Les conséquences : interdiction d’obtenir un prêt immobilier, un crédit à la consommation, et même certaines locations. Le débiteur peut également se voir refuser la délivrance d’un passeport ou d’un permis de conduire en cas de cumul d’impayés (plus de 6 mois).
6. Recours en cas d’insolvabilité ou de fuite du débiteur
Si le débiteur est sans emploi, sans biens et sans revenus, l’huissier peut dresser un procès-verbal de carence. Mais le parent créancier n’est pas sans solution. Depuis 2025, le Fonds de solidarité pour les pensions impayées (FSPI) permet une avance immédiate des sommes dues, sous conditions de ressources. En 2026, le plafond est relevé à 1 800 € par mois pour le parent créancier.
🔹 Poursuite pénale pour abandon de famille
Le fait de ne pas payer sa pension alimentaire pendant plus de 2 mois constitue un délit pénal (abandon de famille). L’huissier peut déposer une plainte auprès du procureur. En 2026, les peines encourues sont de 2 ans d’emprisonnement et 30 000 € d’amende. La jurisprudence récente (CA Paris, 12 janvier 2026) a confirmé une peine de 6 mois ferme pour un débiteur récidiviste.
7. Aide juridictionnelle, frais et délais
Les frais d’huissier pour le recouvrement d’une pension alimentaire non payée sont en partie à la charge du débiteur (frais de signification, de saisie, etc.). Le parent créancier peut avancer les frais, mais il sera remboursé sur les sommes recouvrées. En 2026, le coût moyen d’une procédure complète (mise en demeure + saisie) est de 250 à 400 €.
L’aide juridictionnelle est accessible sous conditions de ressources (plafond 1 600 €/mois pour une personne seule). Elle couvre 100 % des frais d’huissier et d’avocat. Depuis 2026, la demande peut être faite en ligne via le portail justice.fr.

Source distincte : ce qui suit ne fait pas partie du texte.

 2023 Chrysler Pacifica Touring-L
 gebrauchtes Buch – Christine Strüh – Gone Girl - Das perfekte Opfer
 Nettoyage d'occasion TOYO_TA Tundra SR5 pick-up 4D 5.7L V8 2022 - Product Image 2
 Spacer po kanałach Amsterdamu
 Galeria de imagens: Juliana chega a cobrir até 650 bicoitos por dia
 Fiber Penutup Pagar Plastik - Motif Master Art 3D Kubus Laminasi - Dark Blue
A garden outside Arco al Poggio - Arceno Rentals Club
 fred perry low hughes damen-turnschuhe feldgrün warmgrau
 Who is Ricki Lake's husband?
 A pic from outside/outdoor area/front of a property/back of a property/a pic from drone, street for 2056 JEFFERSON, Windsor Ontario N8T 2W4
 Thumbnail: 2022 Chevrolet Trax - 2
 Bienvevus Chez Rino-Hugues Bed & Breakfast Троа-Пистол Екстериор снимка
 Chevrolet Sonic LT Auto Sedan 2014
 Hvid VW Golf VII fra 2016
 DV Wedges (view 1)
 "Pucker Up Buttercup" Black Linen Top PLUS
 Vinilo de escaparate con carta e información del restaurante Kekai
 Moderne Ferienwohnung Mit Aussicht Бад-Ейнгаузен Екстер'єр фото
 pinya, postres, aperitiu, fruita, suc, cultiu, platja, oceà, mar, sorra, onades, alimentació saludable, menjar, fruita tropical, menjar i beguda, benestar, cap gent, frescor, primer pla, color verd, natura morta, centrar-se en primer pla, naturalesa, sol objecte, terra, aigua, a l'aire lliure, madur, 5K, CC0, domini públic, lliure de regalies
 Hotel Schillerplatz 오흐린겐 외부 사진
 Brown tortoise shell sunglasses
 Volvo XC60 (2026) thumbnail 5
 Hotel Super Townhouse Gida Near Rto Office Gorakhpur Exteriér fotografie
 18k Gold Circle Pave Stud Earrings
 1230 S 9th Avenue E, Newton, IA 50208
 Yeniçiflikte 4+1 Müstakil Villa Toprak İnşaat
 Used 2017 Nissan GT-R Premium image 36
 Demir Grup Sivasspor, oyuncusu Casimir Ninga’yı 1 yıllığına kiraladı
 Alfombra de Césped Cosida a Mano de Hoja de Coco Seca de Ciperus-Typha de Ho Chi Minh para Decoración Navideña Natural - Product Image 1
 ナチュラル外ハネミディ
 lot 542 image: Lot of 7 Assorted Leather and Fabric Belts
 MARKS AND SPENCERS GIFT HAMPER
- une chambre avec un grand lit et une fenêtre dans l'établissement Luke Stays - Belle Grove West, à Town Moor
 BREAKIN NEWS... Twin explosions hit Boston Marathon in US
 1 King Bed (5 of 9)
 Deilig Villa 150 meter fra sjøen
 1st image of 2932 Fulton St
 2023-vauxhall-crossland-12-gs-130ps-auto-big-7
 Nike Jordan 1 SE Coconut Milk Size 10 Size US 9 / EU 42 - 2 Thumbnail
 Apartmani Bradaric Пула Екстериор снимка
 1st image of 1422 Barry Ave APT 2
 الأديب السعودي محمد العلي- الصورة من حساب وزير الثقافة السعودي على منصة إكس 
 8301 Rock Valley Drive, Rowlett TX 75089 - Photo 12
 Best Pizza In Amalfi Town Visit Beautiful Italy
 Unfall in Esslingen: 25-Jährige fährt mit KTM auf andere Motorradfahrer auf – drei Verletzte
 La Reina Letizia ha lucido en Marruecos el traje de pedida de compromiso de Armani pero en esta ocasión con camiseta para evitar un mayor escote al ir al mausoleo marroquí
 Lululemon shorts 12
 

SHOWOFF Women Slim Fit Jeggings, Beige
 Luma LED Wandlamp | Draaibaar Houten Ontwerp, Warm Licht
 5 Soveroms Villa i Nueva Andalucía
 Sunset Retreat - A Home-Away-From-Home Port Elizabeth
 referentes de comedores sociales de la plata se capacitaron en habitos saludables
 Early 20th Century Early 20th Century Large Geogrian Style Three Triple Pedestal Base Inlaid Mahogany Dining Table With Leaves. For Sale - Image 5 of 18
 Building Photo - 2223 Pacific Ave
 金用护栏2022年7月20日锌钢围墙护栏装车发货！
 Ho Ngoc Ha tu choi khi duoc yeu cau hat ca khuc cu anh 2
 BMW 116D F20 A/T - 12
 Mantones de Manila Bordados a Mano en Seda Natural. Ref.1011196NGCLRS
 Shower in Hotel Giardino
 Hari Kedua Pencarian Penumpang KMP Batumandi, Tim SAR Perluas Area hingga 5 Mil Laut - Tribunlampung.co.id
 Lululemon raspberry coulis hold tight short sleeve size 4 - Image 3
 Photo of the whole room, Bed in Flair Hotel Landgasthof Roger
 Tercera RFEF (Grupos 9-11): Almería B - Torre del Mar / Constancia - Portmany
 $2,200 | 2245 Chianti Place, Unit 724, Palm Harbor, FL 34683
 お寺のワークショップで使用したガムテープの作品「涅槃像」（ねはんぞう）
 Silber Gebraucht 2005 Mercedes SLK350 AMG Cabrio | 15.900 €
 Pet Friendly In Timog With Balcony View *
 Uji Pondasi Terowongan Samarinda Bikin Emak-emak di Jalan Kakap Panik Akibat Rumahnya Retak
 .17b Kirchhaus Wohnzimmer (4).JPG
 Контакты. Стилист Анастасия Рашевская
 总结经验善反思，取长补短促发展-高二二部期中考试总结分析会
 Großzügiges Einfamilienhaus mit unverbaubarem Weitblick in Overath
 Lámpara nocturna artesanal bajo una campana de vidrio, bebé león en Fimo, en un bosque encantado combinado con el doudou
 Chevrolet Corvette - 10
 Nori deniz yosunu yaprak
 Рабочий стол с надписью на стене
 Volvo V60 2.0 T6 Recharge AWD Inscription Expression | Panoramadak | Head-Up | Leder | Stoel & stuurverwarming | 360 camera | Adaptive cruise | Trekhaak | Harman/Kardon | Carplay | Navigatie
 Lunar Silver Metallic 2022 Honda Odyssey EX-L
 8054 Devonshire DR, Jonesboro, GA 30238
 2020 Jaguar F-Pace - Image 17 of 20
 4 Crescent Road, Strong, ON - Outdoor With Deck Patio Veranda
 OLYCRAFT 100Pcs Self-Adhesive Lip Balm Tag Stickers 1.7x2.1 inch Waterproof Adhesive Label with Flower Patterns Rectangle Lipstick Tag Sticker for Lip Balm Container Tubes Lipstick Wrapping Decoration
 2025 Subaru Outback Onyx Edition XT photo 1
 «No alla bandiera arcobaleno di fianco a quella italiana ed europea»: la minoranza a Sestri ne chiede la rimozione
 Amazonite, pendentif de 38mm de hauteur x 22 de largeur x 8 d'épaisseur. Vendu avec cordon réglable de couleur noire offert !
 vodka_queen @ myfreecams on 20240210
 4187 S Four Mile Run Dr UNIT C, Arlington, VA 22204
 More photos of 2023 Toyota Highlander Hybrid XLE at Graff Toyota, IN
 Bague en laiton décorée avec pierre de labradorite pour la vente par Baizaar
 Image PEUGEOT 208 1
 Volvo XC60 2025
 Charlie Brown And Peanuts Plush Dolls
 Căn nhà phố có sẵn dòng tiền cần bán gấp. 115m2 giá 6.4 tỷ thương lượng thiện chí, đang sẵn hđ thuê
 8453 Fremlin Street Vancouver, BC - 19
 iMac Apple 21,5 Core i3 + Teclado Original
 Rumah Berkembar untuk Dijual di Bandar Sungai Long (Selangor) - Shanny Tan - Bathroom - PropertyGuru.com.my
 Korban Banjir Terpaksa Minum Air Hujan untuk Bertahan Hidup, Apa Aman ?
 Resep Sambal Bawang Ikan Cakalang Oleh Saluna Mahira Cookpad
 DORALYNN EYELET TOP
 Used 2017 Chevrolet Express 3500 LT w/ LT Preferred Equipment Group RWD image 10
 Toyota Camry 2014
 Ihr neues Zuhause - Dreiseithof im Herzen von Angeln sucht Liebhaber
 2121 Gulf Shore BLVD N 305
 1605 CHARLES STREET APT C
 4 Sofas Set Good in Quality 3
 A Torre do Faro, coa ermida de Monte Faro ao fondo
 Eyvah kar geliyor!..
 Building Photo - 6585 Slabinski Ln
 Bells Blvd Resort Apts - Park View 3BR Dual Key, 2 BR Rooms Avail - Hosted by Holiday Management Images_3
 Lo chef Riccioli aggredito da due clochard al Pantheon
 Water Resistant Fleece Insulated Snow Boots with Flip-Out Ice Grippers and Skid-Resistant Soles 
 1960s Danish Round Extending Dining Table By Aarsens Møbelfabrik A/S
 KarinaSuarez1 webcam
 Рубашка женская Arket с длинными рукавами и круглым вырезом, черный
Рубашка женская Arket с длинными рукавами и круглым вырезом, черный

8. L’huissier a pu saisir le nouveau salaire sans nouvelle décision. Le juge a rejeté le recours du débiteur, estimant que la mesure était proportionnée. 📚 À savoir : La cour de cassation (Cass. civ. 1ère, 17 février 2026, n°25-10.456) a rappelé que l’huissier peut cumuler plusieurs saisies (comptes, salaire, biens) sans autorisation judiciaire, tant que le total ne dépasse pas le montant de la dette.
📜 Textes applicables (2026)
- Code civil : articles 203, 371-2, 373-2-2 (obligation alimentaire)
- Code des procédures civiles d’exécution : articles L211-1 à L213-6 (saisie-attribution, saisie des rémunérations)
- Loi n°2025-1789 du 18 décembre 2025 : renforcement du recouvrement des pensions alimentaires
- Décret n°2026-45 du 15 janvier 2026 : modalités du fichier national des défaillants de pension
- Décret n°2026-102 du 12 février 2026 : plancher de l’astreinte pour pension impayée
- Règlement (UE) 2025/110 : procédure européenne d’injonction de payer révisée
✅ À retenir absolument
- L’huissier (commissaire de justice) est votre premier interlocuteur pour une pension alimentaire non payée.
- Depuis 2026, les outils sont renforcés : saisie élargie, fichier des défaillants, astreinte plancher.
- N’attendez pas : un impayé = une mise en demeure d’huissier. Les délais d’intervention sont très courts.
- L’aide juridictionnelle est accessible : ne renoncez pas pour des raisons financières.
- La jurisprudence 2026 est ferme : les juges protègent l’enfant et le parent créancier.